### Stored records
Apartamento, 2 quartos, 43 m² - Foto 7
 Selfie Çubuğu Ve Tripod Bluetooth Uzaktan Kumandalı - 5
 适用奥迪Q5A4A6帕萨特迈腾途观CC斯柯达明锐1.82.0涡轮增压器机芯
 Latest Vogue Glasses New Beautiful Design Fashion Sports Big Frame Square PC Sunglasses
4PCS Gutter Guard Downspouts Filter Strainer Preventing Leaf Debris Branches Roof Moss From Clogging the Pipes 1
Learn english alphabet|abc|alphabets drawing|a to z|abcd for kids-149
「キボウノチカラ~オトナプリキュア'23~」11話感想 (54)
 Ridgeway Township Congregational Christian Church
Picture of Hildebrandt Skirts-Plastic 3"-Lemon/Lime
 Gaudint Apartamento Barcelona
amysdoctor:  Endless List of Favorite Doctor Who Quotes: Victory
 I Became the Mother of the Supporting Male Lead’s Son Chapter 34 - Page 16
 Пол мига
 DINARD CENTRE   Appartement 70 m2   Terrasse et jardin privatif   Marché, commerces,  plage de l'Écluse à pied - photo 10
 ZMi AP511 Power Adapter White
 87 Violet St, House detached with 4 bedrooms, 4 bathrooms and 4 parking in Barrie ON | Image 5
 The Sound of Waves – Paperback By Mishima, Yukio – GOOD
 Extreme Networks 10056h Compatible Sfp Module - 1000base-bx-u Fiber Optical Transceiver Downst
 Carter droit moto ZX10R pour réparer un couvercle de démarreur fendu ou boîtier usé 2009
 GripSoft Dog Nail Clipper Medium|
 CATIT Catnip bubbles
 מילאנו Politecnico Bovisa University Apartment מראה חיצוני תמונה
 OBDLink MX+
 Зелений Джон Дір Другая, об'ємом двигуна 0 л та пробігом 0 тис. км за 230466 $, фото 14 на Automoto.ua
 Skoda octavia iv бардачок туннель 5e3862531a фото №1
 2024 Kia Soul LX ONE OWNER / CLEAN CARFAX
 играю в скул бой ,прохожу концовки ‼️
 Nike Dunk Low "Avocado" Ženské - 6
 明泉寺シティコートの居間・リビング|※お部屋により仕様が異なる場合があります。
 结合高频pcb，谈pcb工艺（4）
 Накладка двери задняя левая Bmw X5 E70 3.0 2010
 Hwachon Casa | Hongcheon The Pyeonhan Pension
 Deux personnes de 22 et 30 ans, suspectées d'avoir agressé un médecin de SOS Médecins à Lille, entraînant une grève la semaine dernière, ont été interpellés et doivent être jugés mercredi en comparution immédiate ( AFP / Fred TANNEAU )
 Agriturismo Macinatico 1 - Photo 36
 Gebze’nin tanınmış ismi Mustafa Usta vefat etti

### WORK TO BE COMPLETED
Would you copy every line of the entries in which "фото" appears?

### TASK SOLUTION
 Зелений Джон Дір Другая, об'ємом двигуна 0 л та пробігом 0 тис. км за 230466 $, фото 14 на Automoto.ua
 Skoda octavia iv бардачок туннель 5e3862531a фото №1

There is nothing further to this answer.